Indonesia, Malaysia dan Singapura Tegaskan Komitmen Selat Malaka Tetap Bebas Terbuka

Indonesia, Singapura dan Malaysia tegaskan komitmen Selat Malaka tetap bebas terbuka. Foto: Anadolu

Indonesia, Malaysia dan Singapura Tegaskan Komitmen Selat Malaka Tetap Bebas Terbuka

Fajar Nugraha • 25 August 2026 19:05

Singapura: Indonesia, Malaysia, dan Singapura menegaskan kembali komitmen mereka untuk menjaga Selat Malaka dan Selat Singapura (SOMS) sebagai jalur pelayaran internasional yang bebas, terbuka, dan aman.

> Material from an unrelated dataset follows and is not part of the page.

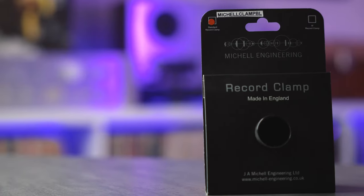No joke, this is probably going to go down as easily the best purchase I've ever made for my vinyl collection. That is a bold statement, but the J.A. Michell record clamp is something that everyone who owns a vinyl record that was produced in the last 10 to 15 years should own.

Dalam 17th Co-operation Forum yang diselenggarakan pada Selasa 25 Agustus 2026 di Singapura, ketiga negara menegaskan status SOMS sebagai selat yang digunakan untuk navigasi internasional. Ini menegaskan di mana hak lintas transit berlaku sebagaimana diatur dalam Konvensi Hukum Laut PBB tahun 1982 (UNCLOS) dan tercermin dalam hukum kebiasaan internasional.

Negara-negara pantai juga menegaskan kembali peran penting negara-negara pengguna, organisasi internasional, industri maritim, dan pemangku kepentingan lainnya dalam berbagi tanggung jawab serta berkontribusi terhadap keselamatan navigasi dan perlindungan lingkungan di SOMS.

"Ketiga negara pantai telah menegaskan kembali pengakuan mereka bahwa menjaga jalur perairan ini tetap aman, terlindungi, dan terbuka merupakan kepentingan terbaik bagi semua pihak," ujar pejabat Kementerian Transportasi Singapura, Jeffrey Siow, seperti dikutip dari Anadolu.

Dalam sambutan pembukaannya di forum tersebut, Siow mengatakan bahwa Selat Malaka dan Selat Singapura merupakan contoh gemilang dari apa yang dapat dicapai oleh berbagai negara melalui kerja sama yang erat.

"Selama lebih dari setengah abad, Indonesia, Malaysia, dan Singapura telah bekerja sama erat untuk meningkatkan keselamatan navigasi di perairan kita, termasuk di wilayah-wilayah yang batas maritimnya belum terselesaikan," ujar Siow.

"Bahkan ketika terdapat perbedaan pandangan, kami tidak membiarkan hal tersebut melumpuhkan kerja sama," kata Siow.

Siow menambahkan bahwa "bukan hanya negara-negara pantai yang diuntungkan. Hampir seperempat perdagangan laut dunia yang melintasi Selat Malaka dan Selat Singapura melewati jalur ini."